Scelesto possedeva anche una famiglia all'interno della dimora. La moglie, Morba, lo scenziato si era innamorato di lei per la sua natura cagionevole e sensibile; ella era sempre molto ammalata e non poteva alzarsi dal letto. I due avevano dato alla luce un neonato, che chiamarono Anima: fu allora che lo scienziato pensò bene di utilizzare una delle sue strambe invenzioni per sè stesso.

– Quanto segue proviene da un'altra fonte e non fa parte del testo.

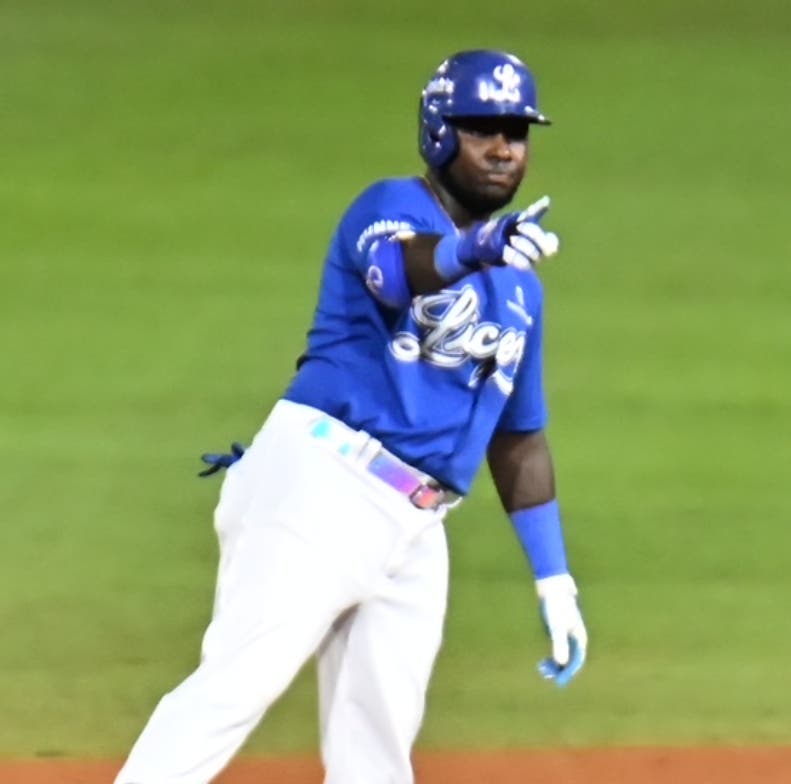 de-leon-senala-licey-mantuvo-cabeza-en-alto
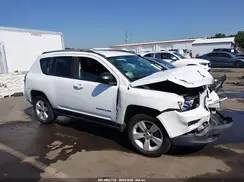 1C4NJDBB9GD670710 2016 JEEP COMPASS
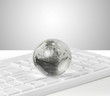 Foto: Globe on keyboard Globe on keyboard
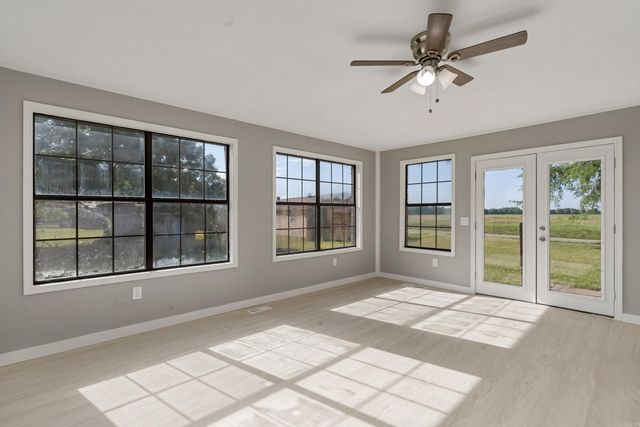 100 S 22nd Avenue, Paragould, AR 72450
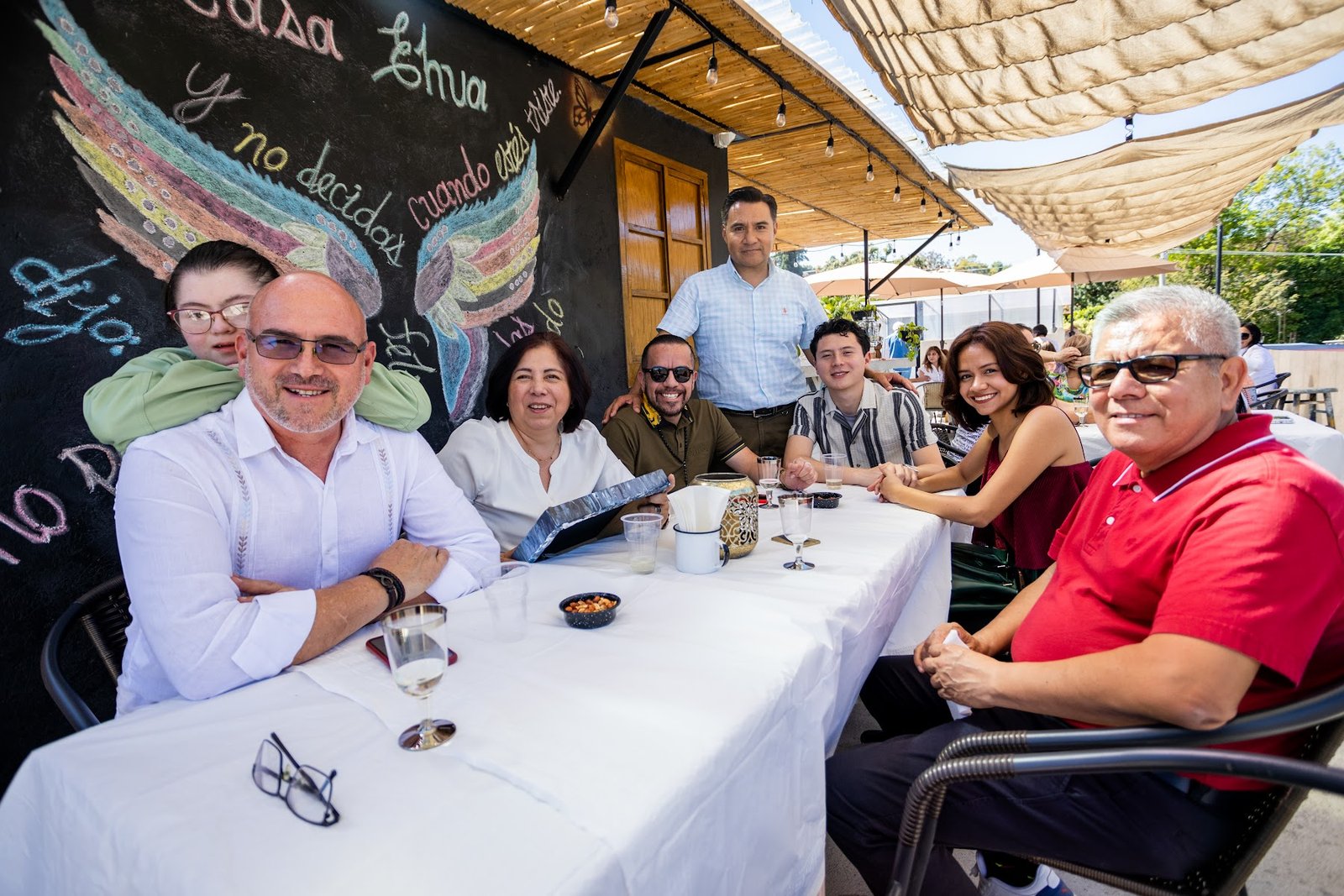 Comida de grupo en el roof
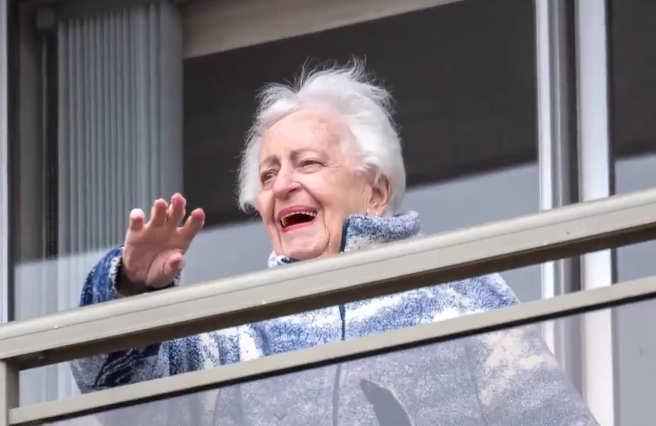 89-year-old woman gets special birthday visit (3 photos) - Kitchener News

Studiò a lungo, fece esperimenti per mesi e rilesse i libri di Isaac Asimov finché non riuscì a creare ciò che serviva loro: un androide. Questo androide era molto utile a tutta la famiglia, anche perché la famiglia aveva un grave problema; soffrivano tutti e tre la luce del sole. Perciò l'androide era capace di andare a fare la spesa, avere informazioni dal mondo esterno, oltre a fare ordine e pulizia al posto di Morba, ammalata, eseguendo anche le funzioni da madre, da insegnante, da educatore per il bambino, Anima. Era un ottimo padre, un'ottima madre, un ottimo aiutante. Non era fatto di ferraglia: era rivestito di pelle come un vero essere umano, ed era perlopiù androgino; aveva un petto maschile ma nessuno sapeva cosa rivelava il bacino. Possedeva un aspetto umano, degli occhi grigi e chiari e dei capelli corvini un pò lunghi, erano l'unica cosa che cresceva nell'androide. Una pelle chiara, che sembrava quasi cagionevole per la debolezza di Scelesto all'origine fragile della moglie, un'altezza poco modesta. Nessuno sapeva come lo scienziato pazzo era riuscito a creare una simile imitazione dell'essere umano. Dato che Scelesto aveva una vera e propria passione per gli ingranaggi, creò il cervello dell'androgino con miliardi di ingranaggi, ognuno per una sua funzione. Un ingranaggio evitava che l'androide facesse incubi o sognasse cose fuori dal comune, un altro evitava che l'androide provasse sentimenti, un altro ancora gli permetteva di muoversi, camminare, vedere, annusare, odorare, provare tatto come gli esseri umani. Il suo nome era Auno, con l'accento sulla a, perché fu l'androide numero uno che lo scienziato mai creò. Sarebbe stato quasi un vero essere umano, se solo avesse avuto un'anima.